2001 Medal for Research Excellence
University of Toronto
Dr. Philip A. Marsden, a leading investigator in the area of molecular medicine, is this year's recipient of The Kidney Foundation's Medal for Research Excellence.

Dr. Marsden is renowned for his study of the cellular and molecular regulation of endothelial gene expression as it relates to the renal and cardiovascular system in health and disease. He has worked extensively to understand the role of nitric oxide (NO) as an important signaling molecule that is responsible for maintaining local blood flow to an organ.

Dr. Marsden's findings reveal that E. coli 0157:H7 bacteria present in contaminated food and water markedly affect the endothelium, a layer of cells which lines all the blood vessels of the body. Releasing toxins that damage these cells in the kidney, the bacteria induce hemolytic uremic syndrome (HUS) or "Hamburger Disease", one of the leading causes of renal failure among children. Through his research, Dr. Marsden hopes to learn more about the control of blood flow by the endothelium and explore new treatment options for this disorder.

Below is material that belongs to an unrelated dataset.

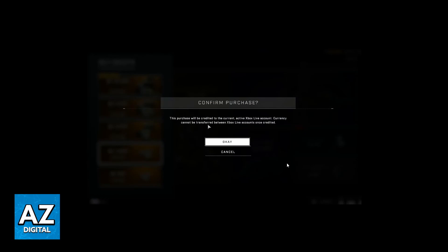After that, this message will appear on your screen, the confirm purchase dialog. You can just click OK if you selected the correct one you want.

Dr. Marsden is a practising nephrologist at St. Michael's Hospital and a Professor of Medicine at the University of Toronto. He holds the Keenan Chair in Medical Research and has had his findings published in over 50 peer-reviewed articles in scientific journals worldwide. In addition, he has earned international recognition for the cloning, characterization and functional expression of a gene that produces nitric oxide within endothelial cells.
Through its support of a broad spectrum of studies, the Kidney Foundation's Research Program enables investigators like Dr. Marsden to remain committed to a discovery process that will ultimately make a positive difference in the lives of kidney patients and their families.